Even the best bot fails if the team doesn't trust it. Roll this out in phases:

  1. Week 1–2: Run the agent in shadow mode. It drafts recognition messages but only sends them to a private admin channel. Review them manually and see how they land.
  2. Week 3–4: Enable automated posting for individual recognitions. Keep the weekly digest manual — a human still sends it, but uses the agent's draft.
  3. Month 2+: Flip everything to fully autonomous once you've calibrated the tone and thresholds to your culture.

When you introduce the bot to your team, be transparent about how it works. Tell people it's watching your tools for great work and will call it out publicly. Most people respond positively once they understand it's driven by real signals — not just random or performative.

What This Looks Like in Practice

Here's a real-world example of what the agent might post after a developer merges a difficult PR late on a Thursday:

🏆 Big shoutout to @maya for shipping the payment retry logic today. This PR had been a tough nut — three rounds of review, two edge cases that required rethinking the queue architecture — and she pushed through it cleanly. This directly unblocks the Q3 checkout reliability goal. Huge win for the platform team. 🎉 For related insights, see Set Up OpenClaw in Slack in Under 5 Minutes.

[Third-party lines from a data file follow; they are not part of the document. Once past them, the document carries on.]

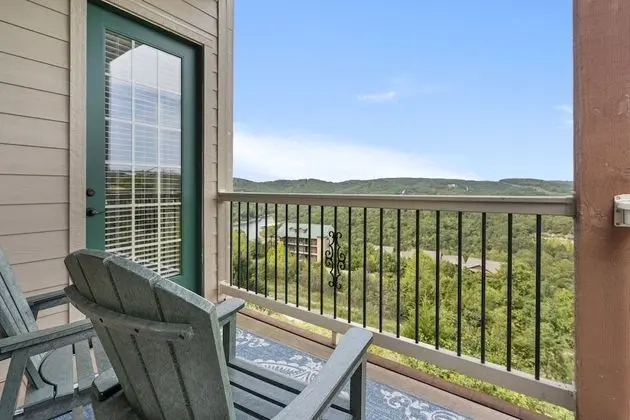 The Branson Stone Cliff Hideaway
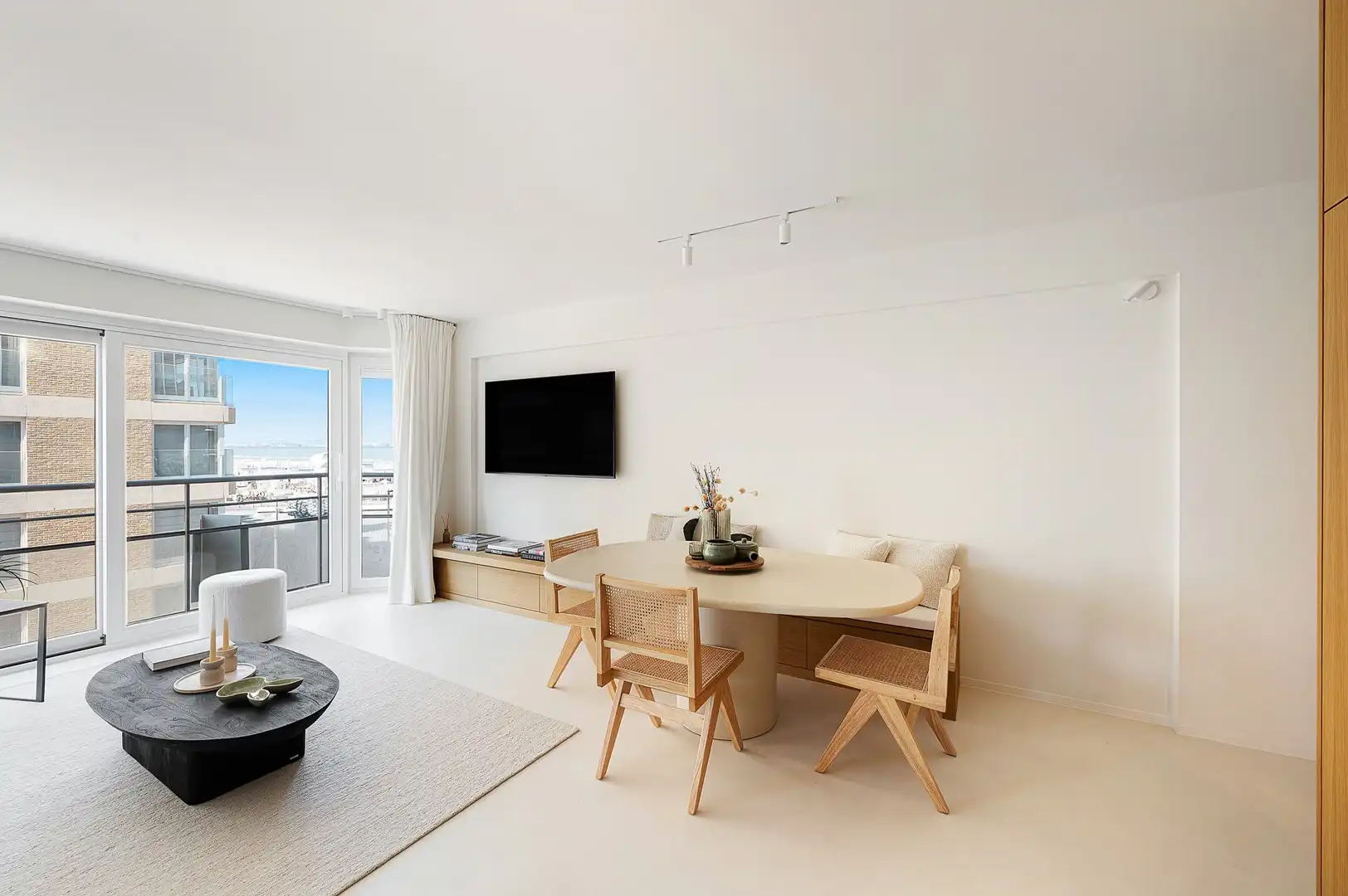 Prachtig zonnig gerenoveerd appartement met zeezicht. foto 13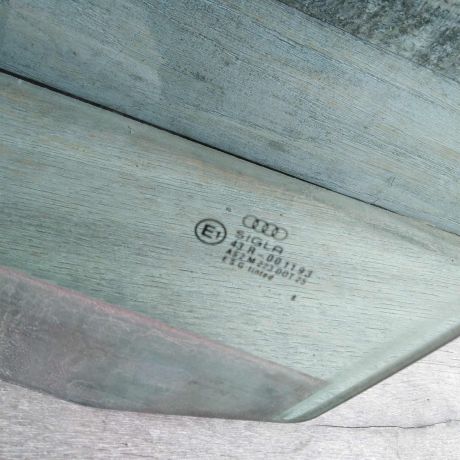 steklo-dveri-perednee-levoe-audi-a4-b5-art-53147-big-1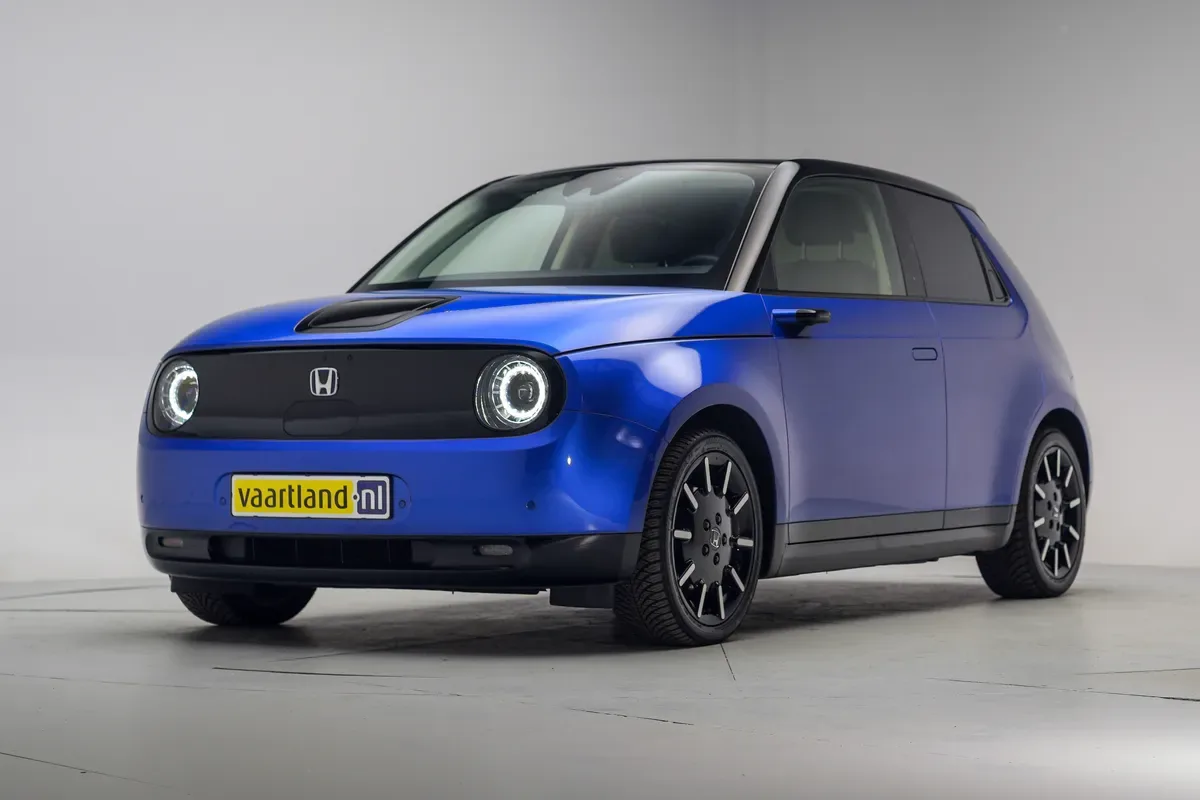 Honda E (2022) — foto 1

That message wasn't written by a manager who remembered to write it. It was assembled from a GitHub PR, a linked Linear ticket, and the agent's memory of the PR's review history — and it reads like something a thoughtful human took the time to write. That's the difference a well-configured OpenClaw agent makes.

Recognition programs succeed when they're consistent, specific, and timely. An AI agent running inside your Slack workspace on a dedicated server, with full memory of your team's work across every tool you use, is the only practical way to deliver all three at scale.